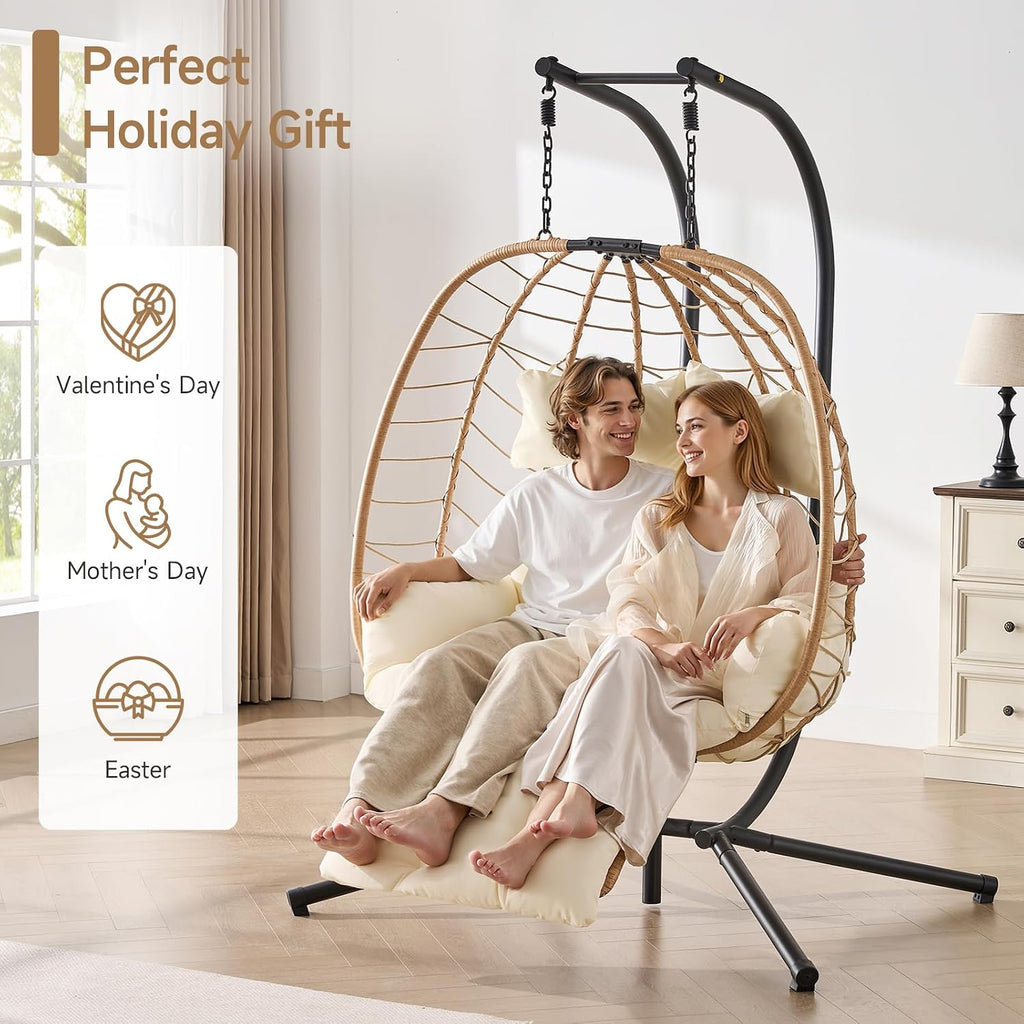 ONBRILL Double Egg Chair with Adjustable Footrest & Stand, Rattan Hammock Swing Loveseat with Cushions & Headrests, 650LBS Capacity Hanging Chairs for Outdoor & Indoor Patio, Deck, Bedroom (YE-BE)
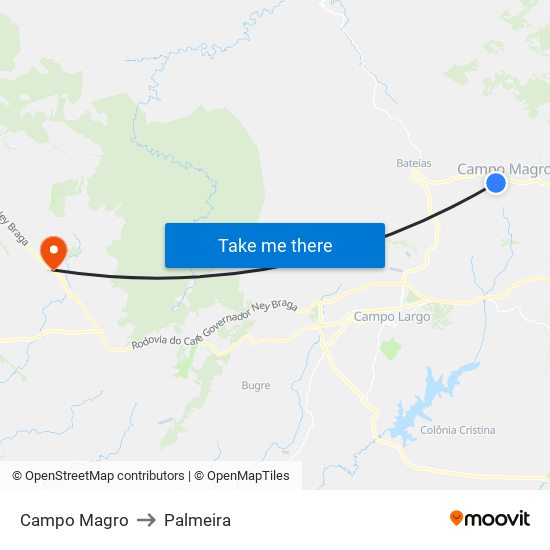 Campo Magro to Palmeira map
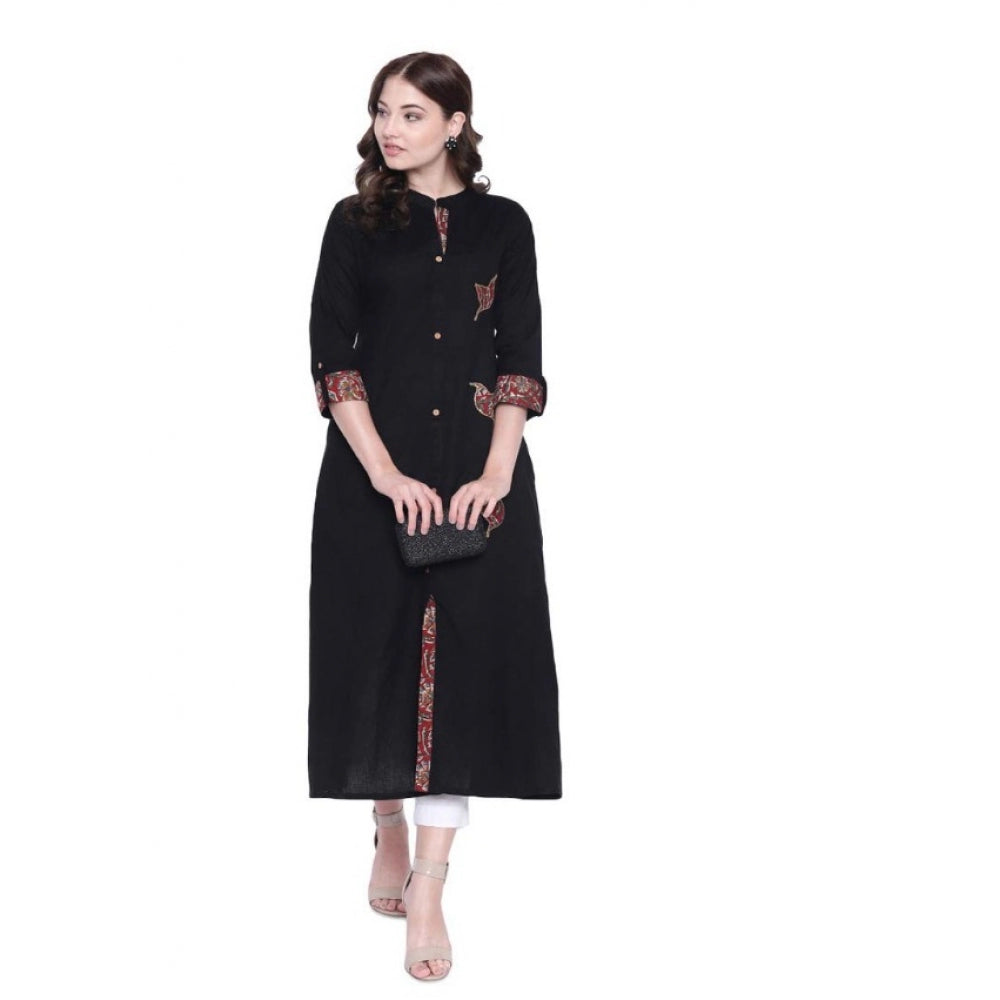 Black Khadi Printed A Line Kurti, Mandarian neck, three quarter sleeves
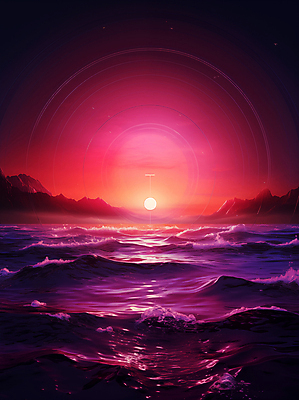 JPG 편집이미지 포스터 파도 바다 추상 산 사람없음 태양 일몰 액체 디지털합성 부드러움 편집소스 윤슬 편집실사 AI컴퓨터그래픽 AI콘텐츠 자연요소 물결 무늬 노을 감각 CG 파일형식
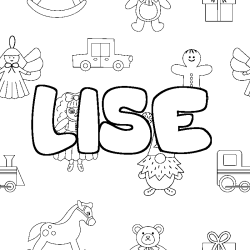 Coloriage pr&eacute;nom LISE - d&eacute;cor Jouets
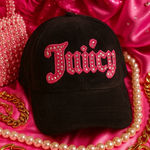 Juicy Couture Black Velour Terry Hat | Pink Rhinestone “Juicy” Logo Cap | NWT Photo 0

● ● ● ●

_Problem statement:_
Without the pictures, repeat the entries above line by line, from the first through the one that contains "Coloriage pr&eacute;nom LISE", both ends included.

_Finished task:_
 ONBRILL Double Egg Chair with Adjustable Footrest & Stand, Rattan Hammock Swing Loveseat with Cushions & Headrests, 650LBS Capacity Hanging Chairs for Outdoor & Indoor Patio, Deck, Bedroom (YE-BE)
 Campo Magro to Palmeira map
 Black Khadi Printed A Line Kurti, Mandarian neck, three quarter sleeves
 JPG 편집이미지 포스터 파도 바다 추상 산 사람없음 태양 일몰 액체 디지털합성 부드러움 편집소스 윤슬 편집실사 AI컴퓨터그래픽 AI콘텐츠 자연요소 물결 무늬 노을 감각 CG 파일형식
 Coloriage pr&eacute;nom LISE - d&eacute;cor Jouets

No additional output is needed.